Member of Punjab Legislative Assembly
- Incumbent
- Assumed office 2022
- Preceded by: Gurpratap Singh Wadala
- Constituency: Nakodar

Personal details
- Party: Aam Aadmi Party

= Inderjit Kaur Mann =

Indian politician

Inderjit Kaur Mann (born 1969) is an Indian politician from Punjab. She was elected as an MLA from Nakodar Assembly constituency in Jalandhar District, winning the 2022 Punjab Legislative Assembly election representing the Aam Aadmi Party.

== Early life and education ==
Kaur is from Nakodar, Jalandhar District, Punjab. She married Sharnjit Singh. She completed her Bachelor of Arts in 1988 at Guru Nanak National College for Women, Nakodar.

==Assets and liabilities declared during elections==
During the 2022 Punjab Legislative Assembly election, she declared Rs. 91,61,928 as an overall financial asset and Rs. 23,39,178 as financial liability.
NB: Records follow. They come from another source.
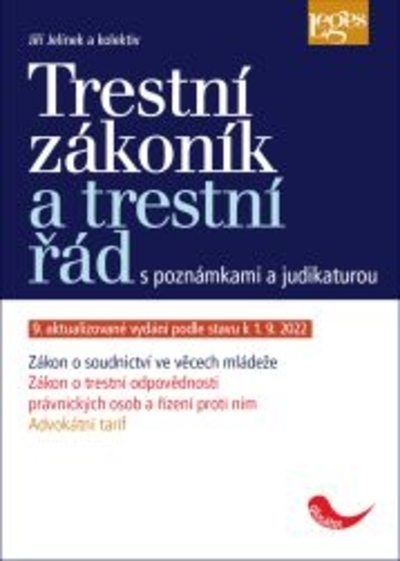 Trestní zákoník a trestní řád s poznámkami a judikaturou.

Jaké změny přináší aktuální vydání trestních kodexů?

Uváděné judikáty jsou vybrány zejména ze sbírek Nejvyššího a Ústavního soudu.

Součástí publikace jsou i předpisy souvisící - zákon o soudnictví ve věcech mládeže, zákon o trestní odpovědnosti právnických osob a advokátní tarif, vše ve znění k 1.

Publikace je oblíbenou pomůckou pro práci soudců, přísedících, státních zástupců, policistů, kriminalistů, advokátů, firemních právníků a ostatních pracovníků právní praxe.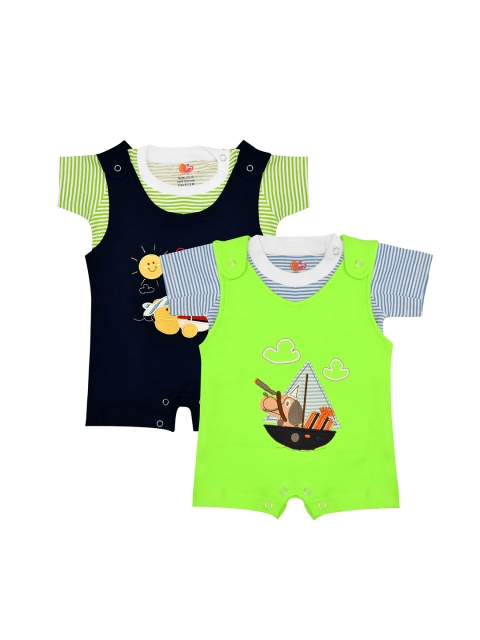 

Orange and Orchid Kids Pack Of 2 T-shirts with Dungarees, Green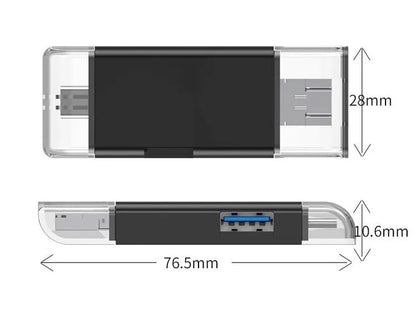 6-in-1 Memory Card Reader | USB-A USB Type-C Micro USB | TF SD OTG | Plug & Play | 512GB | Windows Mac Linux | Black or White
==Member of Legislative Assembly==
Kaur won from Nakodar Assembly constituency representing the Aam Aadmi Party in the 2022 Punjab Legislative Assembly election. She polled 42,868 votes and defeated her nearest rival, Gurpartap Singh Wadala of Shiromani Akali Dal, by a margin of 2,869 votes. She was a member of the Committee on Panchayati Raj Institutions and Committee on Co-operation and its allied activities for the year 2022-2023.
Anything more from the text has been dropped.